Did you ever resolve this issue? I have a GA-Z77X-UD5H and I am experiencing instability when X is running. I haven't had a shutdown but my network comm is really slow and seems to stall, the graphics freeze up from time to time, and game performance is really low. This is with the proprietary nvidia drivers installed. I also have the ACPI errors in my messages log but I don't know if they are related to the problems that are occurring. If you have any further information I would appreciate it.

----------

## lesha_n

Hyper_Eye, 

The problem somehow dissolved, I have not had a crash in about a month now.
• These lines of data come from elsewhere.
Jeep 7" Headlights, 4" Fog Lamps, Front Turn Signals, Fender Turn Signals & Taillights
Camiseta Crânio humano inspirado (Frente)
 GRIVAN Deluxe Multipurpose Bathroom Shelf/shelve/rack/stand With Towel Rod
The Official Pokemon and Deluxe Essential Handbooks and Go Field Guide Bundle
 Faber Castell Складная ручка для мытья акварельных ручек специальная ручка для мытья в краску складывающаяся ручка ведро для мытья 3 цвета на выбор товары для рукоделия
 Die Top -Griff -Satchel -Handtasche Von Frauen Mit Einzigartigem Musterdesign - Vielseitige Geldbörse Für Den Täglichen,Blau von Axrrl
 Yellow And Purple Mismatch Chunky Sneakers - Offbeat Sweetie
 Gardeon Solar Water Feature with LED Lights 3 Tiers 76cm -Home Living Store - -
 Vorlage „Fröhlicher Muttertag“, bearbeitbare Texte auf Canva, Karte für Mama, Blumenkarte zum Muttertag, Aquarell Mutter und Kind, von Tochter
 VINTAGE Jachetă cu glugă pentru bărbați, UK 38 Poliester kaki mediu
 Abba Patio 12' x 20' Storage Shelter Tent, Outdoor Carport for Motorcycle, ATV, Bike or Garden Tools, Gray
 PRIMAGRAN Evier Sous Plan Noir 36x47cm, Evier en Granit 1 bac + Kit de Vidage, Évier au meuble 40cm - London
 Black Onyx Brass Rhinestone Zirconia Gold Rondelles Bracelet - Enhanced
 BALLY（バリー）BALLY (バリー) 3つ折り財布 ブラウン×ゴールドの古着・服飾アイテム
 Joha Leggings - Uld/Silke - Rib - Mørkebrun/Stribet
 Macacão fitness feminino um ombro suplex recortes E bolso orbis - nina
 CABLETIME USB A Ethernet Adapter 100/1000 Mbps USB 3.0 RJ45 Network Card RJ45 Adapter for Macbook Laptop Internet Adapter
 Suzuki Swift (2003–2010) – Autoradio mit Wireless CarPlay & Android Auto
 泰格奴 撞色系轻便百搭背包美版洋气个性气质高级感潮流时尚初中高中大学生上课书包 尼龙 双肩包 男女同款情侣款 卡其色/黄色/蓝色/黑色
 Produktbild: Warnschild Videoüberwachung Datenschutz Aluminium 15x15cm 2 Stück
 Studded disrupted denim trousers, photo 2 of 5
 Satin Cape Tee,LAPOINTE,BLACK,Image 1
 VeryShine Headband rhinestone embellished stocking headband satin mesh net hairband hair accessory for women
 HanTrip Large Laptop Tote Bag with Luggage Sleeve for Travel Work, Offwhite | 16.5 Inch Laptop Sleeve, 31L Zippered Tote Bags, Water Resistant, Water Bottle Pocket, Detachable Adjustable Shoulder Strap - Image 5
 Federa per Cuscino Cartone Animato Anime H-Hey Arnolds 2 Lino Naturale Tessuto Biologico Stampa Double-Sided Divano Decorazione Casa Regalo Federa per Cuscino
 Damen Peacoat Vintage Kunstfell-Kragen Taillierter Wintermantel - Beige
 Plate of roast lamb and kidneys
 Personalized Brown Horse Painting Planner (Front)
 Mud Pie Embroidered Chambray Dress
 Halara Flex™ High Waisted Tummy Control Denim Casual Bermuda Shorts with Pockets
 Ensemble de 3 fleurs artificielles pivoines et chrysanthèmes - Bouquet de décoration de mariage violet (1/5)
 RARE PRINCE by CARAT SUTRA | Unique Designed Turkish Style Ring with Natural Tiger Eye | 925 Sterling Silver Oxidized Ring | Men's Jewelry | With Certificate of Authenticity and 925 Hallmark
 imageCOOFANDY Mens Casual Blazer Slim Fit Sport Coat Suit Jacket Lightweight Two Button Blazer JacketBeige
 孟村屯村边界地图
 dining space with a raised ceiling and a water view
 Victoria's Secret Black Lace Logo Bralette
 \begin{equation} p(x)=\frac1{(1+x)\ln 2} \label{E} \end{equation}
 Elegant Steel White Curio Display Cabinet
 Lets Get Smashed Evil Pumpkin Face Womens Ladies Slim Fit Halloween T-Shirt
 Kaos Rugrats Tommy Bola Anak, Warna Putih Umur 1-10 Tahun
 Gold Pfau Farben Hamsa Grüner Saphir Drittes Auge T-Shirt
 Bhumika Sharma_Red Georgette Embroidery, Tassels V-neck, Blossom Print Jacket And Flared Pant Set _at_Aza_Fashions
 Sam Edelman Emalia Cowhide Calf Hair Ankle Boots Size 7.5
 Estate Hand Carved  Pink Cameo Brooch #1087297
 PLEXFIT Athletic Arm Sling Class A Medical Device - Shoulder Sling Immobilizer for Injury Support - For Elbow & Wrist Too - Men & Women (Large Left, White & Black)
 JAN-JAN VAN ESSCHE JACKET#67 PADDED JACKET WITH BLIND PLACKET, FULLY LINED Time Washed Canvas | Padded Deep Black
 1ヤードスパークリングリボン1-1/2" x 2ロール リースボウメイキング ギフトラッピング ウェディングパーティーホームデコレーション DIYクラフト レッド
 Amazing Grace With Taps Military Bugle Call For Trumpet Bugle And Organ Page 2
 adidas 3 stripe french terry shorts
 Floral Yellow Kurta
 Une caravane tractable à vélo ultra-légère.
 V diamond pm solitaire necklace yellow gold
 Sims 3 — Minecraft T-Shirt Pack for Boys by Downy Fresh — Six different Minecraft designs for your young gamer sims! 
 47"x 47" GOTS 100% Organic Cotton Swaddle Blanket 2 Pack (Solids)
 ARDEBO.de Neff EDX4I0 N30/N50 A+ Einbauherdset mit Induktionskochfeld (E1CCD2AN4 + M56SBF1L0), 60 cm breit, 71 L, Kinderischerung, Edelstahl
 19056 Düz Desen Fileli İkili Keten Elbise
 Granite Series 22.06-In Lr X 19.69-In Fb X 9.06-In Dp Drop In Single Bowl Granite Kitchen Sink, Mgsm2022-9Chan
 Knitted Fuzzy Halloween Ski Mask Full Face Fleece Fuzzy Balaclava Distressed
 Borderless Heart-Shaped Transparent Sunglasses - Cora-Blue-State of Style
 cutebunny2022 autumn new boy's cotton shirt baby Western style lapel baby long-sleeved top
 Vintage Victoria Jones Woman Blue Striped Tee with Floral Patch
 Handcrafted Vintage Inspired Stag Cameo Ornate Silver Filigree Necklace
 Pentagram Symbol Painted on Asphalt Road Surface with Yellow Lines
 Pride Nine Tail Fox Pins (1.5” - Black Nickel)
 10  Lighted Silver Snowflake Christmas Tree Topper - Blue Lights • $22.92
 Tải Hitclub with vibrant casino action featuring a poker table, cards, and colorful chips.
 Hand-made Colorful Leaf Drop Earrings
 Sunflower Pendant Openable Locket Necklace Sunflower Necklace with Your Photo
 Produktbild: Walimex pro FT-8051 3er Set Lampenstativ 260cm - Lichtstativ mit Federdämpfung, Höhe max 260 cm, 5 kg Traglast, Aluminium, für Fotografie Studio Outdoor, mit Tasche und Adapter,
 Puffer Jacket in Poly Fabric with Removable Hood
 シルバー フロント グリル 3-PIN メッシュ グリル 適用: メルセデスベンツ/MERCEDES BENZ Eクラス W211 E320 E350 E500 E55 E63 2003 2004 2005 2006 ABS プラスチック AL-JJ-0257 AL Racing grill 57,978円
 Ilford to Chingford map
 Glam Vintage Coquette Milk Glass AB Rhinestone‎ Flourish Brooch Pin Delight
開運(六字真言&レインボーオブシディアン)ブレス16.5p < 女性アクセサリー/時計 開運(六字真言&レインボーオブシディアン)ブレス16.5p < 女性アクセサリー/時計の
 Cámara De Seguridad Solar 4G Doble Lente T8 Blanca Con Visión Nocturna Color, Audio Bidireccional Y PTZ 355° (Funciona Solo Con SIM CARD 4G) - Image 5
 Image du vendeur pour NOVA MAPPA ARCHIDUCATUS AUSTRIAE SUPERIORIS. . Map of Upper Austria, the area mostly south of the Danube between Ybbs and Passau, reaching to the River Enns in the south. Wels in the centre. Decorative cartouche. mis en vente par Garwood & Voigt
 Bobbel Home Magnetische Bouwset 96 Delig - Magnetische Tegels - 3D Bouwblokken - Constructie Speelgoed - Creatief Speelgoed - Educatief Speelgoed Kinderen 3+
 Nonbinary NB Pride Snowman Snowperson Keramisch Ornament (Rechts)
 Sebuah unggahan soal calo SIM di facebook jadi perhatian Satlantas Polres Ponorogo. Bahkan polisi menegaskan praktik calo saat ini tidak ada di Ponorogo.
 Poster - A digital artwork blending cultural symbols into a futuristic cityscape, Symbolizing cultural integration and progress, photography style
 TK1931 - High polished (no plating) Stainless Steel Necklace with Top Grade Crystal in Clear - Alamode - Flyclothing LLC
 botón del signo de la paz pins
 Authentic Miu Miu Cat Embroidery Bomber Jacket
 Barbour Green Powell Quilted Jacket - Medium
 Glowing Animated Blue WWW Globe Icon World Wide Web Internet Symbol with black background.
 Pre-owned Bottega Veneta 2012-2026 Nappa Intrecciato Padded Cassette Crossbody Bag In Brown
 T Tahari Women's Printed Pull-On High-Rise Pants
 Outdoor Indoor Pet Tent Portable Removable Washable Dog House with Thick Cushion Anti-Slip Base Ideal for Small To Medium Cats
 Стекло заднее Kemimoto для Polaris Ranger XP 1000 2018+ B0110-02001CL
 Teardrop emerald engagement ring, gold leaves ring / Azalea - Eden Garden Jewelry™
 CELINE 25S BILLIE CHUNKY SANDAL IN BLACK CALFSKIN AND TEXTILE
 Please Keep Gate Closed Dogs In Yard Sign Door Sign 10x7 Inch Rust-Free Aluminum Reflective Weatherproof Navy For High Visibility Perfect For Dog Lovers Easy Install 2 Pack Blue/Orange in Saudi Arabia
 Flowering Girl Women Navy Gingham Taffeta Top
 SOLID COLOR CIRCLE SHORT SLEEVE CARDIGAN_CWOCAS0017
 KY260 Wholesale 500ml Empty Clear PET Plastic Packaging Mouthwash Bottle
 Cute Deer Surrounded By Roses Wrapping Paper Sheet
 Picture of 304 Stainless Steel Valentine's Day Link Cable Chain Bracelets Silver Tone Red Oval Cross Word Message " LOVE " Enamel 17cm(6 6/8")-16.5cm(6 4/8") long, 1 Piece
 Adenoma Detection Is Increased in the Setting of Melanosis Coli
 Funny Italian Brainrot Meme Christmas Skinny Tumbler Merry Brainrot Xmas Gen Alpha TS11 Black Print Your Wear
I am not at all sure what was the cause of it and what seems to have fixed it. I was doing regular system updates and compiling new kernels in various ways (from scratch, using seeds (http://kernel-seeds.org/). The last frew weer compiled from scratch, I think, like the 2.7.6 I am running now.

As far as graphics, I am puzzled - how can you run nvidia drivers on this motheboard?! Isn't the built-in graphics processor Intel?

ACPI messages - I still have them, same as before more or less (see the first post), but they do not seem to affect system stability.

Hope this helps,

Aleksey

 *Hyper_Eye wrote:*   

> Did you ever resolve this issue? I have a GA-Z77X-UD5H and I am experiencing instability when X is running. I haven't had a shutdown but my network comm is really slow and seems to stall, the graphics freeze up from time to time, and game performance is really low. This is with the proprietary nvidia drivers installed. I also have the ACPI errors in my messages log but I don't know if they are related to the problems that are occurring. If you have any further information I would appreciate it.

 

----------

## Hyper_Eye

The Intel CPU does have Intel graphics integrated on it but they are disabled when you install a video card into one of the PCI-E slots. Since I am gaming on this machine I never intended to use the Intel graphics. I have an EVGA Geforce 670+ 4GB card installed.

The stability issues seem to have subsided. I changed a few kernel settings but I'm not sure what resolved it. The system seems pretty rock solid at the moment.

----------